Stijlbescherming

De stijl waarin werken worden gemaakt kan als zodanig niet worden beschermd. Ten aanzien van het auteursrecht is dit bepaald in het arrest Decaux/Mediamax (HR 29 december 1995, NJ 1996/546). In het arrest Broeren/Duijsens is dit bevestigd en is aan dit leerstuk toegevoegd dat bescherming tegen verwarringwekkende stijlnabootsing op grond ven de onrechtmatige daad in principe ook niet mogelijk is:
“Volgens vaste rechtspraak van de Hoge Raad brengt het gebruik van hetzelfde materiaal, het bewerken daarvan volgens dezelfde, een bepaald artistiek effect opleverende methode, of het volgen van dezelfde stijl, nog niet mee dat sprake is van nabootsing van een werk als bedoeld in art. 13 Aw (HR 28 juni 1946, NJ 1946/712 [ Van Gelder/ Van Rijn], vgl. voorts HR 29 december 1995, LJN ZC1942, NJ 1996/546 [Decaux/Mediamax]). De Auteurswet geeft geen exclusief recht aan degene die volgens een – hem kenmerkende – stijl werkt. Aan deze rechtspraak ligt de gedachte ten grondslag dat de auteursrechtelijke bescherming van abstracties als stijlkenmerken een ontoelaatbare beperking van de vrijheid van creatie van de maker zou meebrengen, en aldus een rem op culturele ontwikkelingen zou vormen” (ov. 3.5).

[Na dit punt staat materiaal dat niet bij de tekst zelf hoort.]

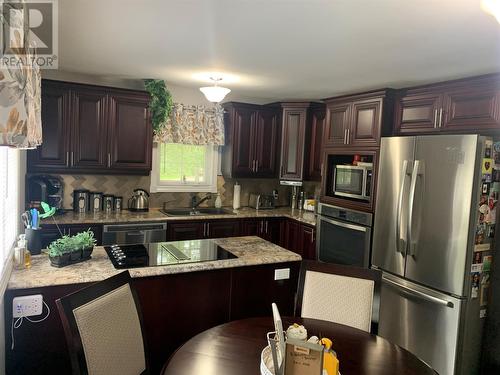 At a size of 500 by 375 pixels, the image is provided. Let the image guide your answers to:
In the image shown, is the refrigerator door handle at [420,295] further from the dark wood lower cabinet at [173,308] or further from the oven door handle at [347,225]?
the dark wood lower cabinet at [173,308]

“Tegen deze achtergrond dient te worden geoordeeld dat het recht geen ruimte laat voor aanvullende bescherming van de maker van een werk op grond van art. 6:162 BW tegen zogenoemde slaafse nabootsing van een stijl of van stijlkenmerken. Een ander oordeel zou meebrengen dat langs die weg alsnog het resultaat zou worden bereikt dat de hiervoor in 3.5 vermelde rechtspraak beoogt te voorkomen (ov. 3.6)”.
“Het vorenstaande sluit niet uit dat slaafse nabootsing van een stijl of van stijlkenmerken onder bijkomende omstandigheden onrechtmatig kan zijn, maar daartoe is niet toereikend dat die nabootsing nodeloos is en bij het publiek verwarring wekt” (ov. 3.6).